While Alfa's latest creation may seem to pin consumers between power and price, the Italians have hid something quite special under the 4C's bonnet. To date, carbon fiber monocoque chassis have been reserved for supercar manufactures because of the extreme cost associated with their creation.

A carbon fiber chassis is made by weaving strips of carbon strands into a sheet. The sheet of weaved carbon is then positioned along with more sheets into a mathematically determined position in the shape of the chassis. The molded sheets of carbon fiber are then placed into a large oven; this hardens the carbon and makes the chassis rigid.

Carbon fiber increases chassis rigidity and reduces weight significantly over aluminum and steel alternatives. Reducing the weight of a car improves everything: top speed, acceleration, handling, circuit speed, and of course your precious fuel consumption.

McLaren's comparison between their all-new MP4-12C's carbon fiber tub (left) and their original Formula 1 carbon fiber tub (right).


Alfa Romeo brings carbon fiber to a market sector that has yet to even hear a whisper of its inevitability. Unfortunately, the cost of production surrounding carbon fiber hasn't dropped as far as the Italians were hoping, and the 4C is now estimated to start at $86 thousand instead of the originally hoped $60 thousand arena; however, this does not stop carbon fiber's march toward affordability for the masses. Alfa Romeo and Maserati's continued and increased production of the material will create a technological push toward reducing the costs and efficiency of creating carbon fiber, not just by the Fiat subsidiaries, but also by their competitors eager to introduce carbon fiber structures into their own sub-supercar performance cars.

Maserati workers preparing the Alfa Romeo 4C's chassis.

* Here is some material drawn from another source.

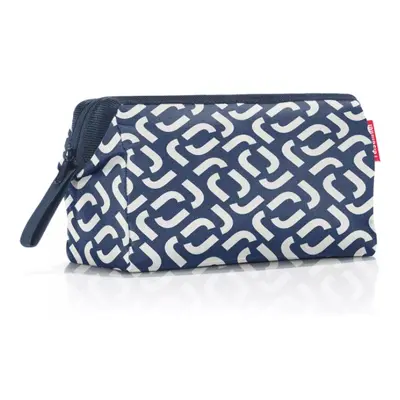 Cestovní taštička na kosmetiku travelcosmetic signature navy WC4073 poslední kus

Alfa Romeo's newest sportscar will break down the synonymous association carbon fiber has with supercars and begin in lowering the costs of production so that the Formula 1 spec super material can finally reach the mouths of the average consumer. In 10 years or less, we will see our favorite $25,000 sports cars implementing carbon fiber structures (Miata anyone?), and in 20 years time, we may even see our not-so-favorite-eco-friendly-sedans start using carbon fiber in an attempt to save precious gasoline.